*Directions for this task*: Repeat every line of the data exactly; the pictures stay out.

*Data extract*:
--- START ---
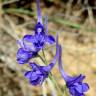 Fotografia 1 da espécie Delphinium gracile do Jardim Botânico UTAD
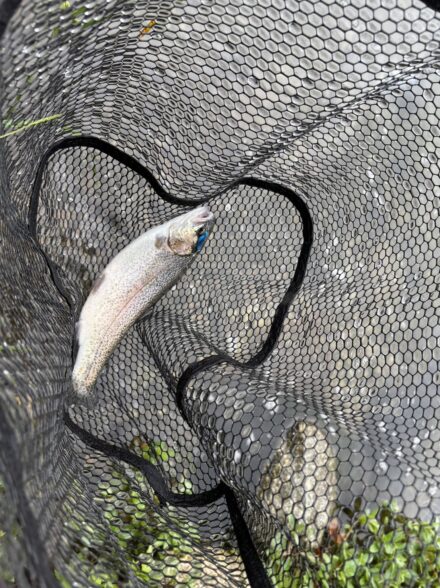 高島の泉エリアトラウト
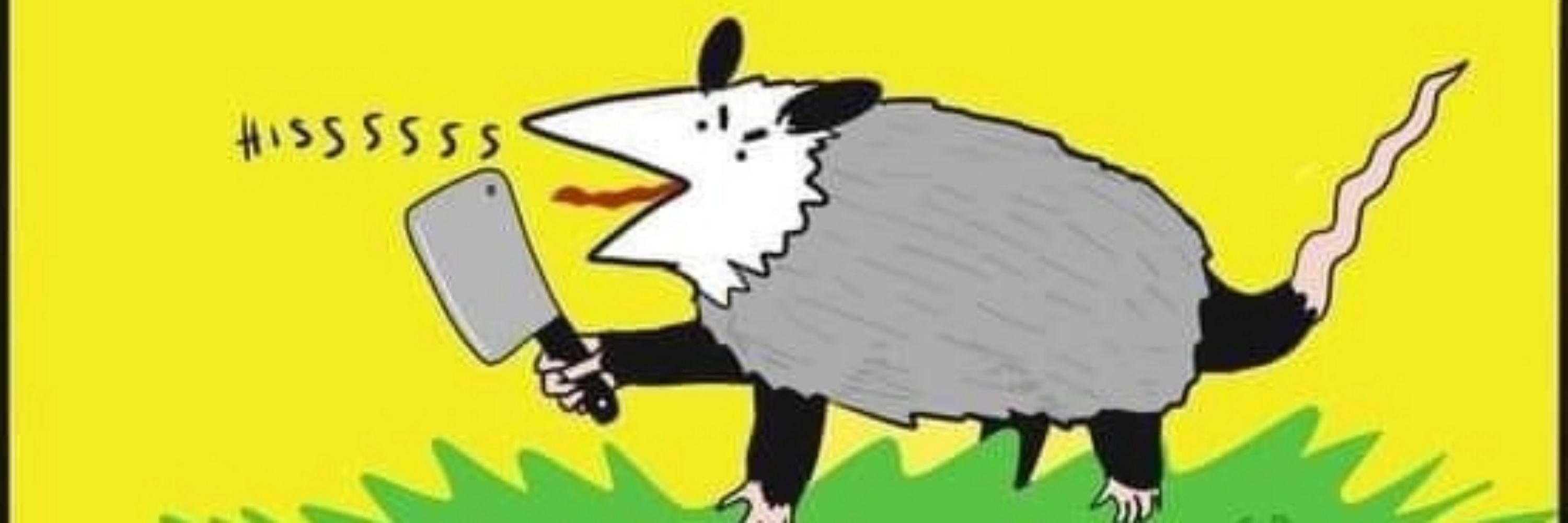 Mr. theMoon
--- END ---
*Your response*:
 Fotografia 1 da espécie Delphinium gracile do Jardim Botânico UTAD
 高島の泉エリアトラウト
 Mr. theMoon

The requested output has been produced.